RAW DATA Start Marker

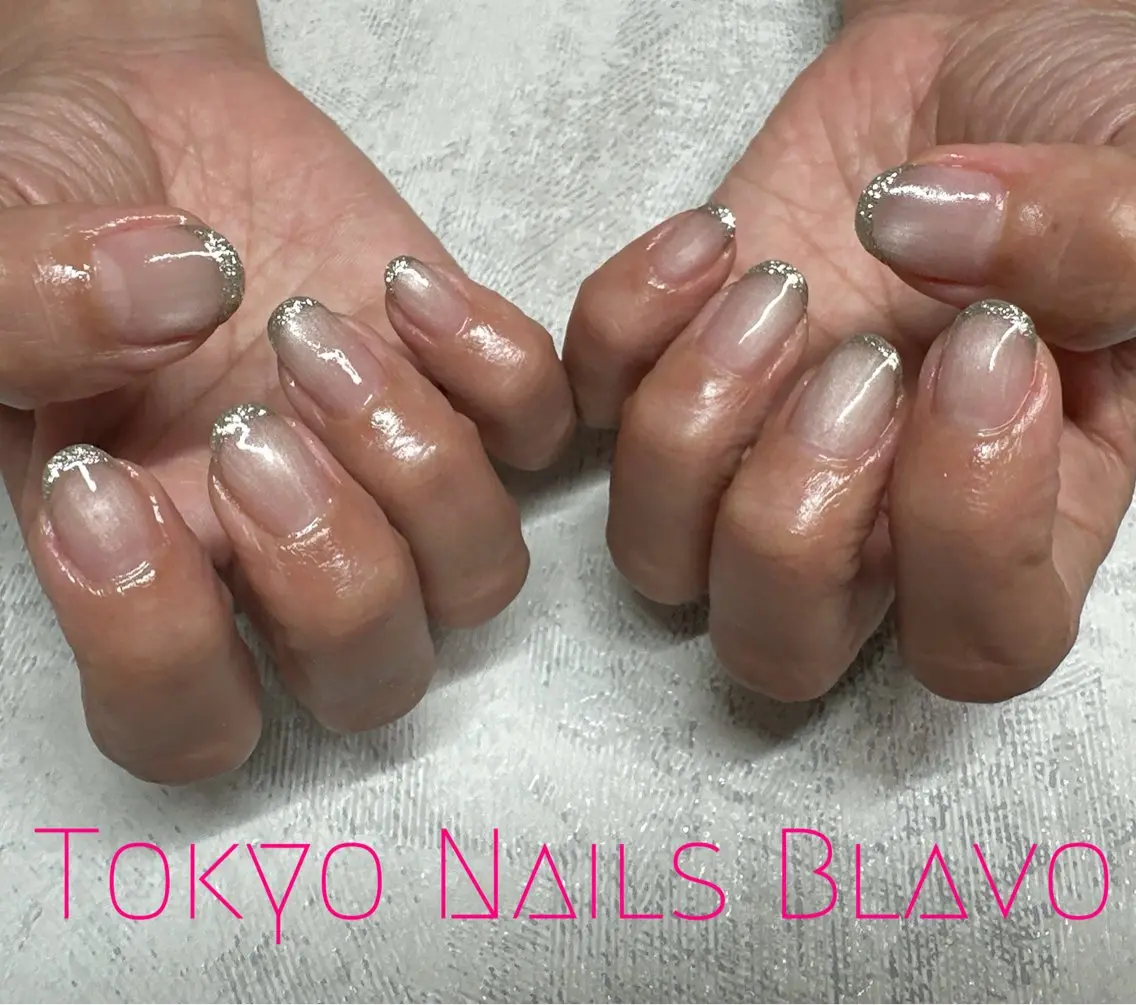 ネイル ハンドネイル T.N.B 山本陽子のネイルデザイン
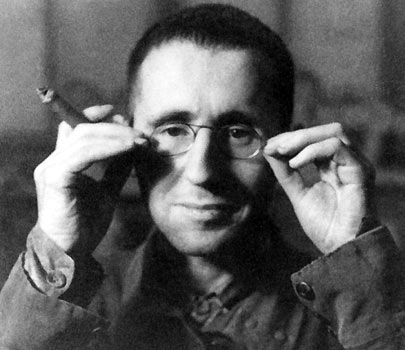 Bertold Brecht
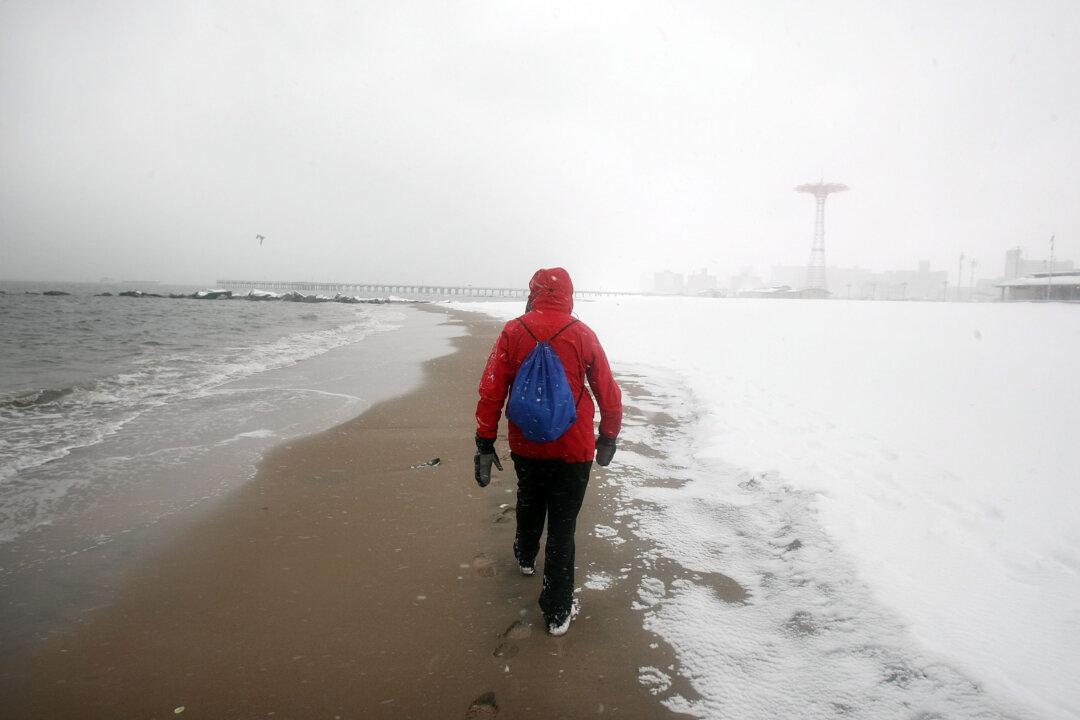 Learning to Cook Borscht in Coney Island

RAW DATA End Marker

Every line above is to be repeated exactly, but no picture is to appear in the copy.

 ネイル ハンドネイル T.N.B 山本陽子のネイルデザイン
 Bertold Brecht
 Learning to Cook Borscht in Coney Island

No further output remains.